**PROBLEM DESCRIPTION:**
Write out exactly the lines from the one containing "Van Filistin’e Destek" through the last line of the records below, and no others.

**PROVIDED DATA:**
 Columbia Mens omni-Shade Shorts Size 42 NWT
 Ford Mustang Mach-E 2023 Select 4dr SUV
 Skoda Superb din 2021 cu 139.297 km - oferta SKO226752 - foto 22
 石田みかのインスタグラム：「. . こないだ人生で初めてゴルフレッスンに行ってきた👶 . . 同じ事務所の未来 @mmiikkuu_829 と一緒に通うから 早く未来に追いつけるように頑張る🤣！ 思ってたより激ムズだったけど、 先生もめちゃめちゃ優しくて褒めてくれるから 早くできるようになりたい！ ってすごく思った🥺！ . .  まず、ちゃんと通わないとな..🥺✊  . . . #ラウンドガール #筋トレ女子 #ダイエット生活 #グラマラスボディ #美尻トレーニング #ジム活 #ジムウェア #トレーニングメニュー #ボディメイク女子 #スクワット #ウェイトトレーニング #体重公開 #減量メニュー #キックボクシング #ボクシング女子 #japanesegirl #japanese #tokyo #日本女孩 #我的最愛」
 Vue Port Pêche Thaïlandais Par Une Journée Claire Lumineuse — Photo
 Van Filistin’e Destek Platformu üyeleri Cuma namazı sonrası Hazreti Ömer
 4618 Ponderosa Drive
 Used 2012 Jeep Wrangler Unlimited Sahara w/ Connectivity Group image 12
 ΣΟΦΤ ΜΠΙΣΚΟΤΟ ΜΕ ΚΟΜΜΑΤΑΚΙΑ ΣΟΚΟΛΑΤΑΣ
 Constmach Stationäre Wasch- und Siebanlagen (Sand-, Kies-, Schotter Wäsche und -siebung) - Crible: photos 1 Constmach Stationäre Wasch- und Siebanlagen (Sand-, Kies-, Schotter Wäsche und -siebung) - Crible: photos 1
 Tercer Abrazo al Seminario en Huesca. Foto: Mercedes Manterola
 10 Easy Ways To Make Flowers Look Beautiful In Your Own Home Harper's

**FINAL ANSWER:**
 Van Filistin’e Destek Platformu üyeleri Cuma namazı sonrası Hazreti Ömer
 4618 Ponderosa Drive
 Used 2012 Jeep Wrangler Unlimited Sahara w/ Connectivity Group image 12
 ΣΟΦΤ ΜΠΙΣΚΟΤΟ ΜΕ ΚΟΜΜΑΤΑΚΙΑ ΣΟΚΟΛΑΤΑΣ
 Constmach Stationäre Wasch- und Siebanlagen (Sand-, Kies-, Schotter Wäsche und -siebung) - Crible: photos 1 Constmach Stationäre Wasch- und Siebanlagen (Sand-, Kies-, Schotter Wäsche und -siebung) - Crible: photos 1
 Tercer Abrazo al Seminario en Huesca. Foto: Mercedes Manterola
 10 Easy Ways To Make Flowers Look Beautiful In Your Own Home Harper's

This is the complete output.